Supplied records:
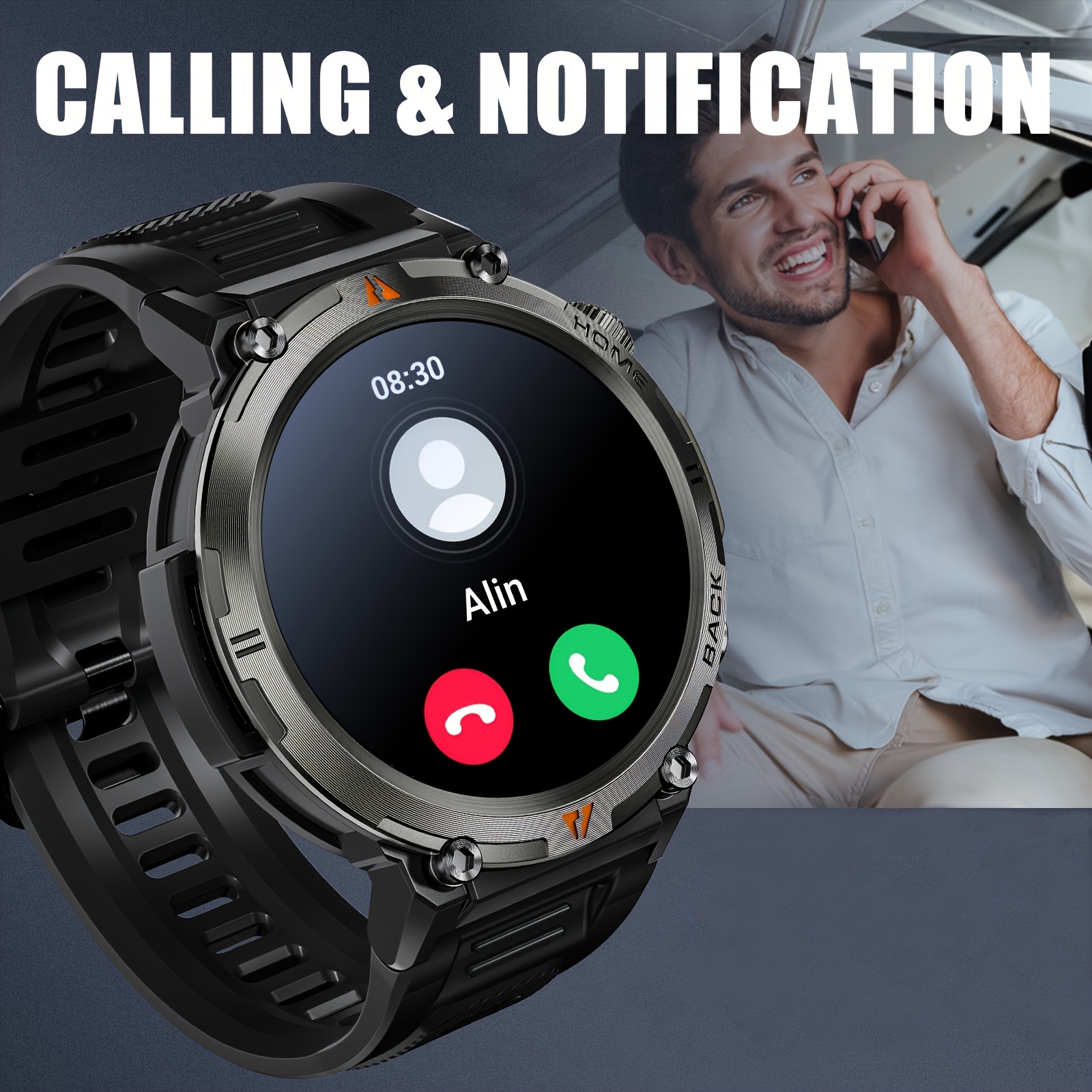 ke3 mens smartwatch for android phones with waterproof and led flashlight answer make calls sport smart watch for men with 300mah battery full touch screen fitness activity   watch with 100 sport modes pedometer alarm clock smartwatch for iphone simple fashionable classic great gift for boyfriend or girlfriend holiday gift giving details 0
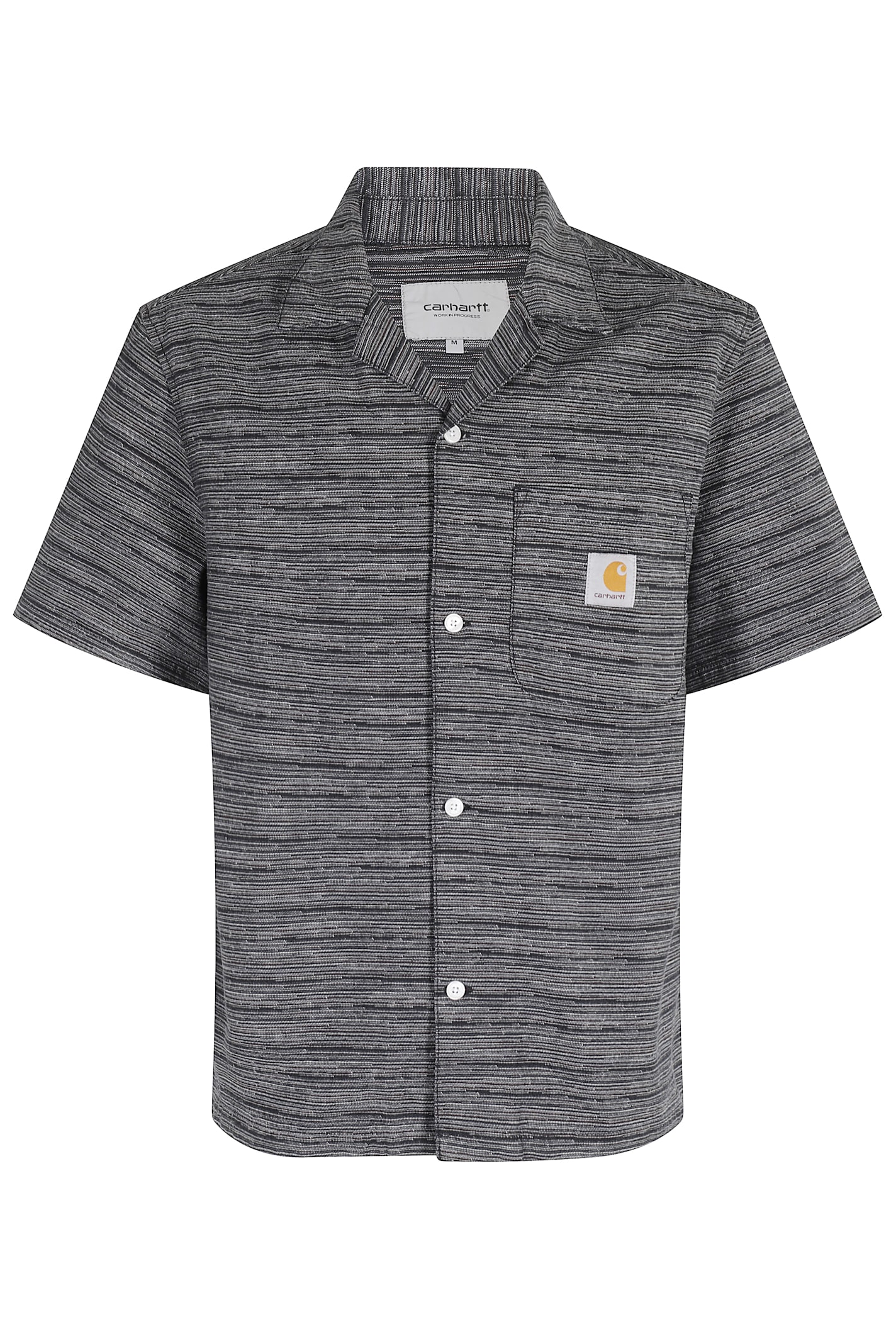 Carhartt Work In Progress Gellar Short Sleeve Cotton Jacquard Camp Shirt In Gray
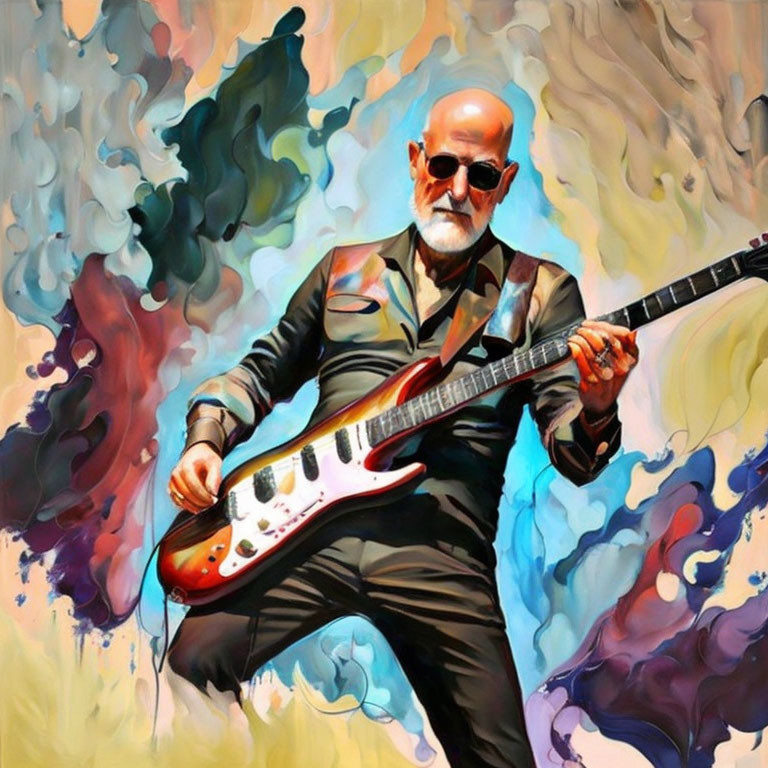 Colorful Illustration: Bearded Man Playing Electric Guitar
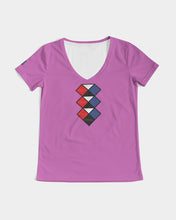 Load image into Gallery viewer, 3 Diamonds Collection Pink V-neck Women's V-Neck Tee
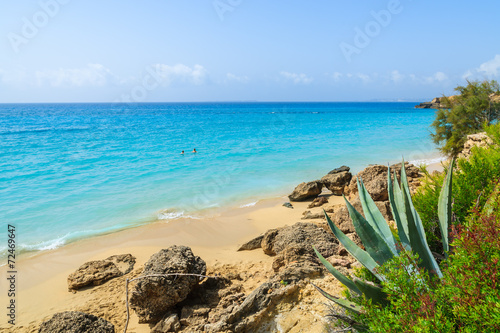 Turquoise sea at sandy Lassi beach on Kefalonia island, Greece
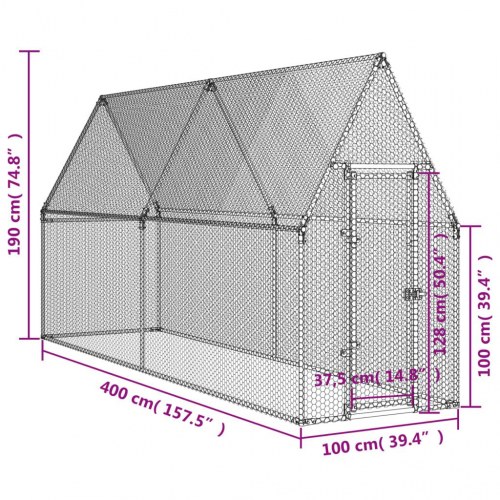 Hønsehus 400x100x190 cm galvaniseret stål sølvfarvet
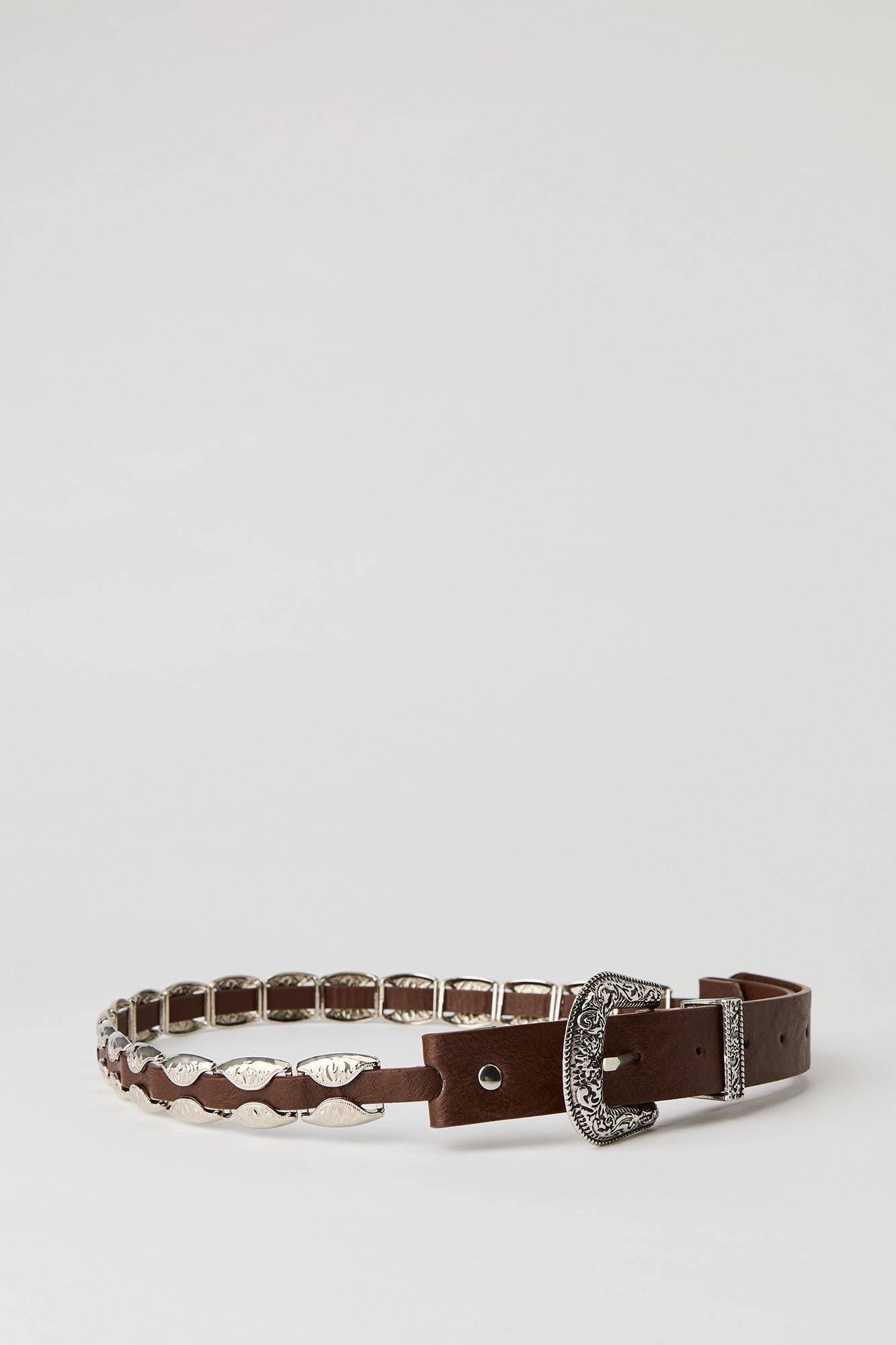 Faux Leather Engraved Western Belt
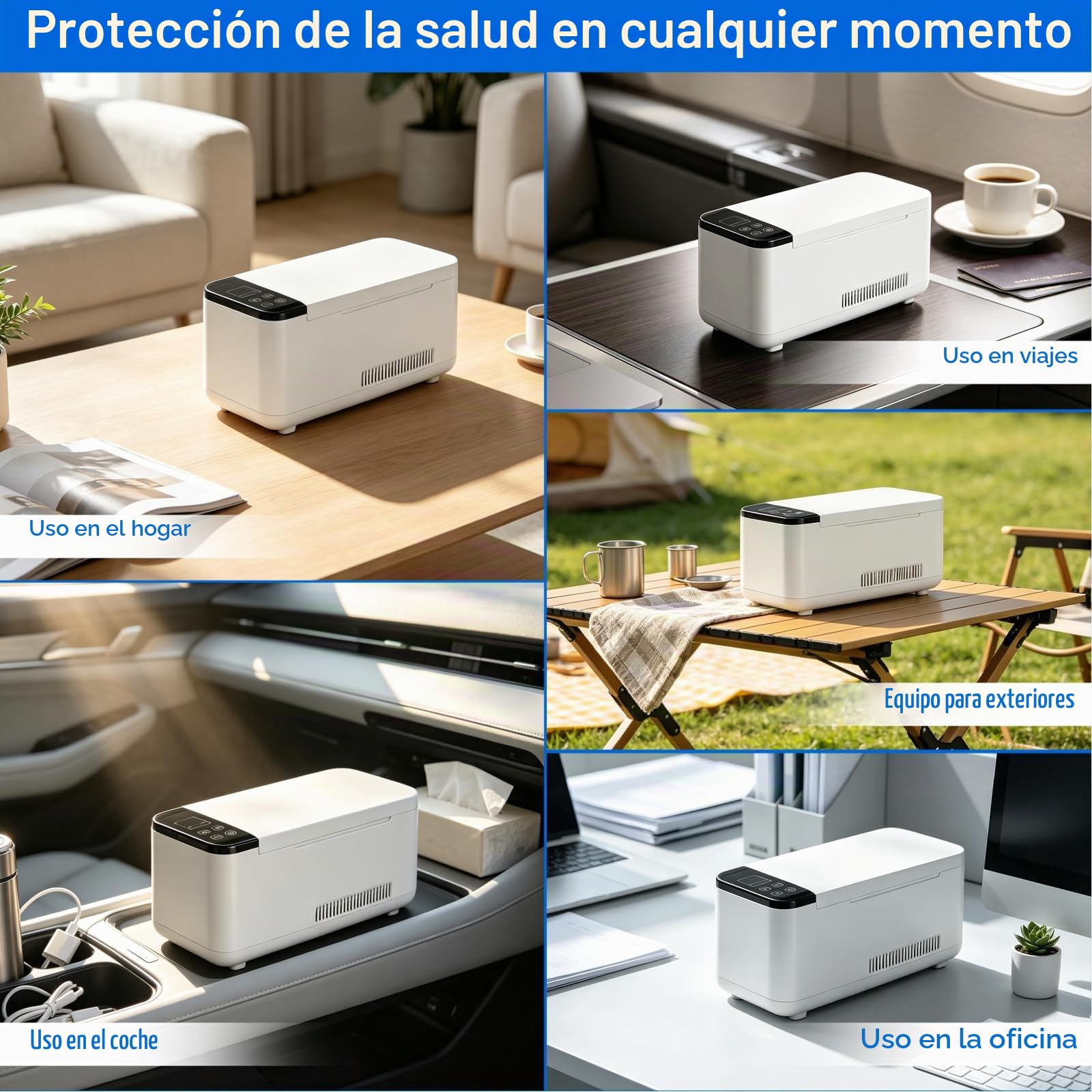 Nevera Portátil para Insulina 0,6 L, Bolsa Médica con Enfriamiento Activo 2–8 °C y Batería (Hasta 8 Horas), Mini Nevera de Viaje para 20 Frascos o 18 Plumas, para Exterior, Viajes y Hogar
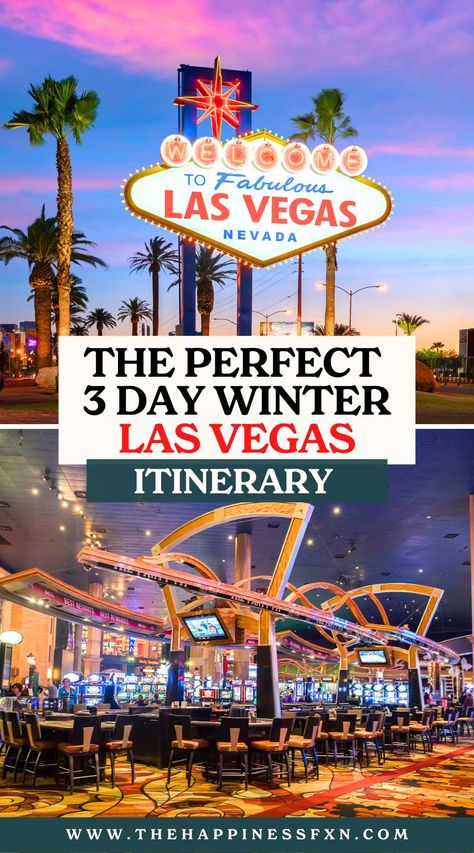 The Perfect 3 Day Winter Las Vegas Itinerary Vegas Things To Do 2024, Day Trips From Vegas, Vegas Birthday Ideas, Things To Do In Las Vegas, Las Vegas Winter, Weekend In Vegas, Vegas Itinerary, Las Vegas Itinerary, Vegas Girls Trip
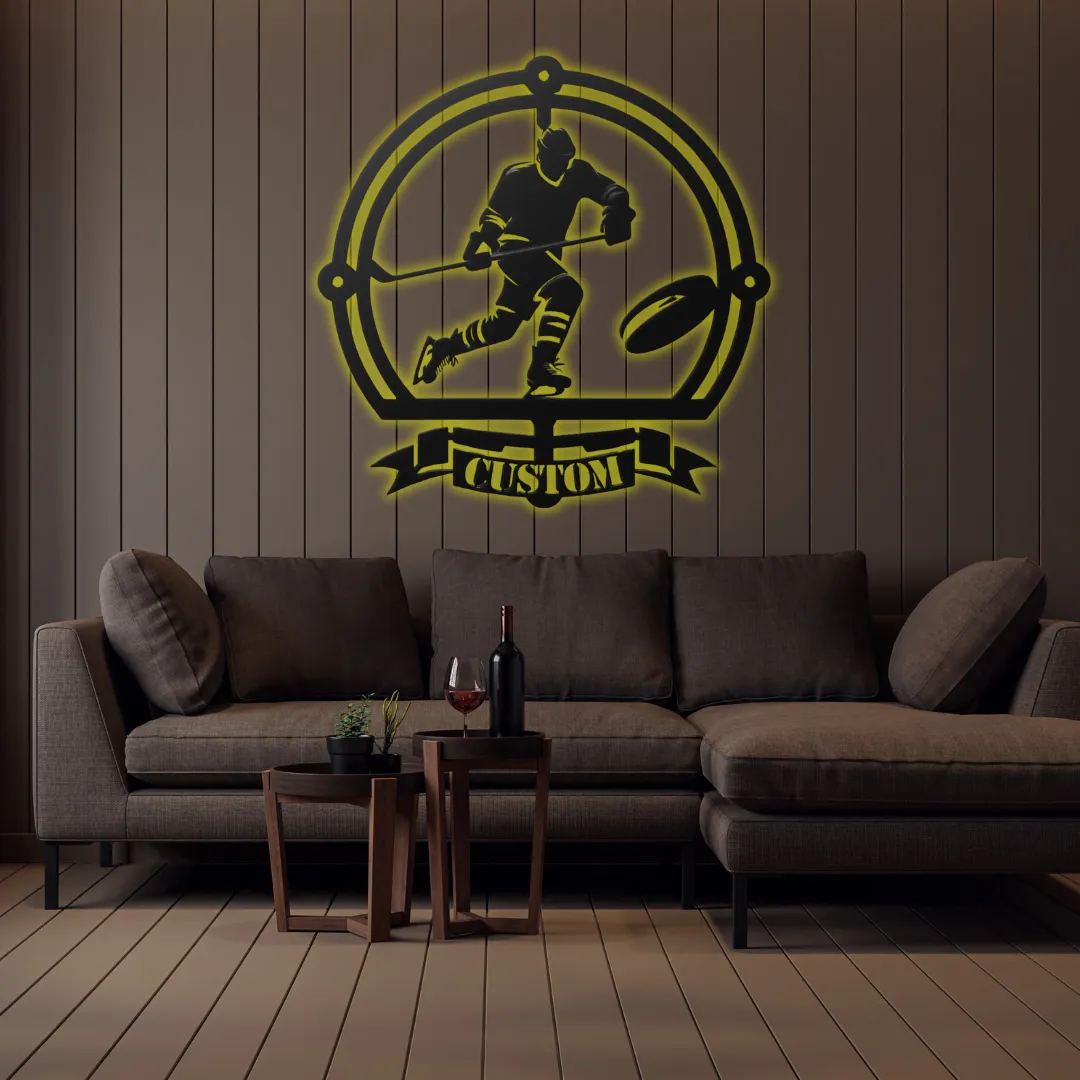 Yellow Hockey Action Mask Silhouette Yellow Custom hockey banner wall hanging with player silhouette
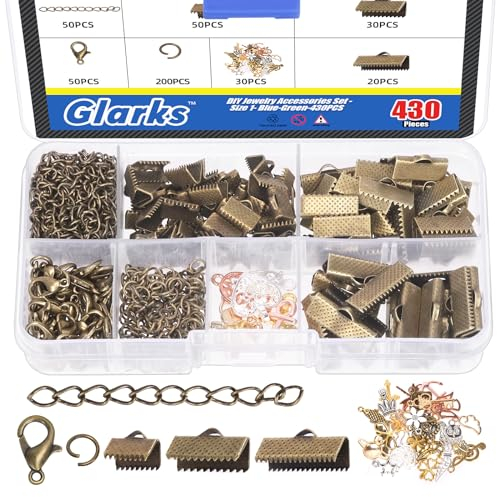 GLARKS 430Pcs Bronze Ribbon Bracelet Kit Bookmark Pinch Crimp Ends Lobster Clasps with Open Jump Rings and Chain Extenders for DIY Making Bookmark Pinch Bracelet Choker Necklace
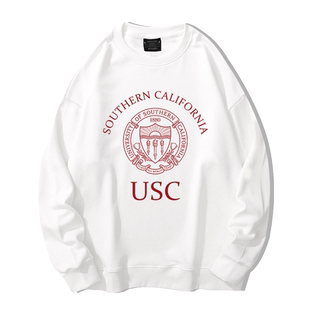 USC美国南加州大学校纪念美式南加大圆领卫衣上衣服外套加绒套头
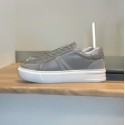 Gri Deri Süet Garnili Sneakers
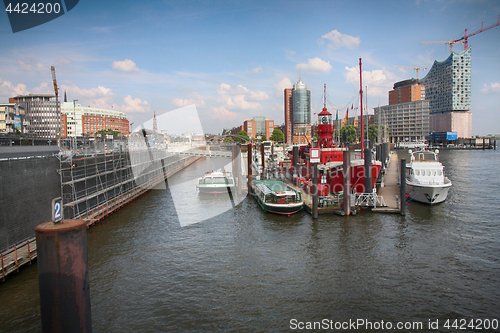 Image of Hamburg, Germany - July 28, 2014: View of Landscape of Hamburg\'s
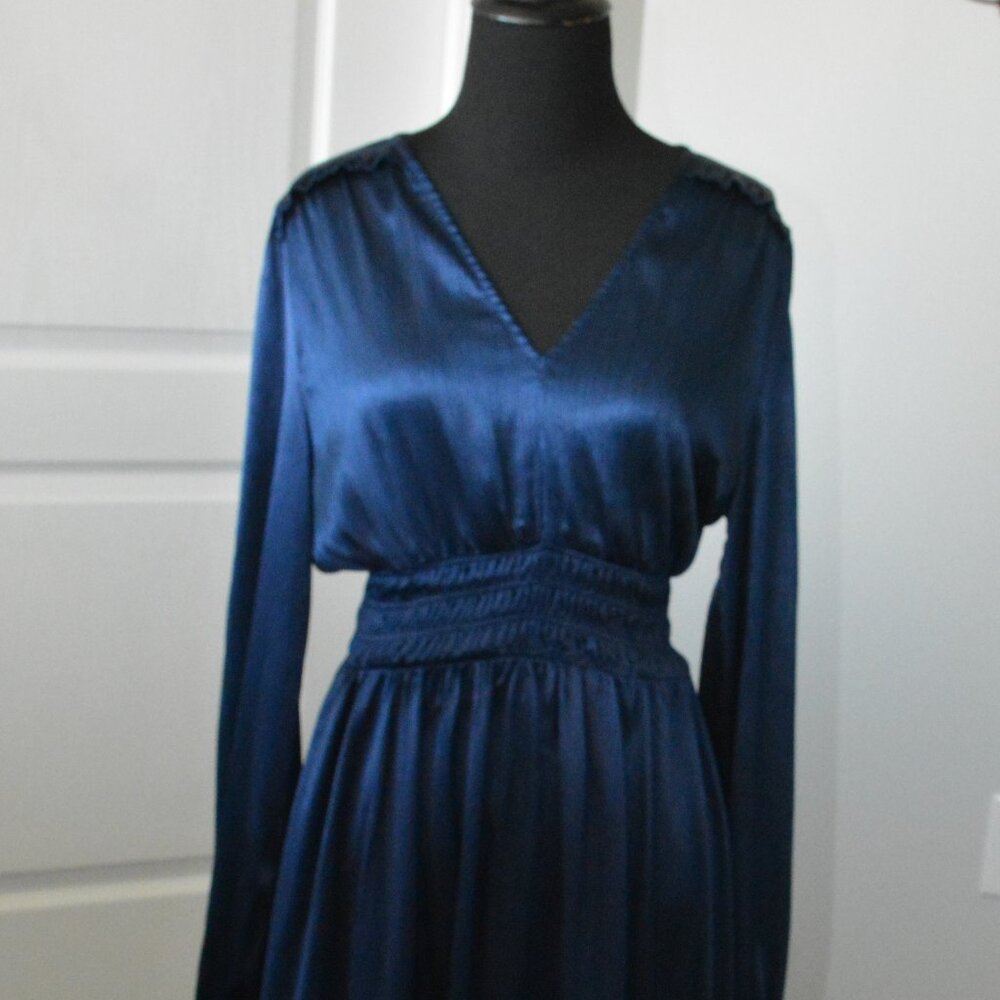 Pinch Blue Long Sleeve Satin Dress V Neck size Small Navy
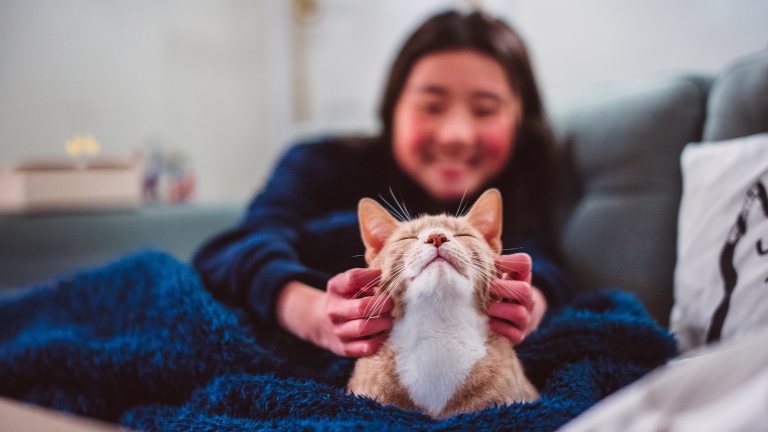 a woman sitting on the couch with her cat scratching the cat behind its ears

Task directions: Copy the listing above verbatim, leaving out pictures.

Solution to this exercise:
 ke3 mens smartwatch for android phones with waterproof and led flashlight answer make calls sport smart watch for men with 300mah battery full touch screen fitness activity   watch with 100 sport modes pedometer alarm clock smartwatch for iphone simple fashionable classic great gift for boyfriend or girlfriend holiday gift giving details 0
 Carhartt Work In Progress Gellar Short Sleeve Cotton Jacquard Camp Shirt In Gray
 Colorful Illustration: Bearded Man Playing Electric Guitar
 Load image into Gallery viewer, 3 Diamonds Collection Pink V-neck Women's V-Neck Tee
 Turquoise sea at sandy Lassi beach on Kefalonia island, Greece
 Hønsehus 400x100x190 cm galvaniseret stål sølvfarvet
 Faux Leather Engraved Western Belt
 Nevera Portátil para Insulina 0,6 L, Bolsa Médica con Enfriamiento Activo 2–8 °C y Batería (Hasta 8 Horas), Mini Nevera de Viaje para 20 Frascos o 18 Plumas, para Exterior, Viajes y Hogar
 The Perfect 3 Day Winter Las Vegas Itinerary Vegas Things To Do 2024, Day Trips From Vegas, Vegas Birthday Ideas, Things To Do In Las Vegas, Las Vegas Winter, Weekend In Vegas, Vegas Itinerary, Las Vegas Itinerary, Vegas Girls Trip
 Yellow Hockey Action Mask Silhouette Yellow Custom hockey banner wall hanging with player silhouette
 GLARKS 430Pcs Bronze Ribbon Bracelet Kit Bookmark Pinch Crimp Ends Lobster Clasps with Open Jump Rings and Chain Extenders for DIY Making Bookmark Pinch Bracelet Choker Necklace
 USC美国南加州大学校纪念美式南加大圆领卫衣上衣服外套加绒套头
 Gri Deri Süet Garnili Sneakers
 Image of Hamburg, Germany - July 28, 2014: View of Landscape of Hamburg\'s
 Pinch Blue Long Sleeve Satin Dress V Neck size Small Navy
 a woman sitting on the couch with her cat scratching the cat behind its ears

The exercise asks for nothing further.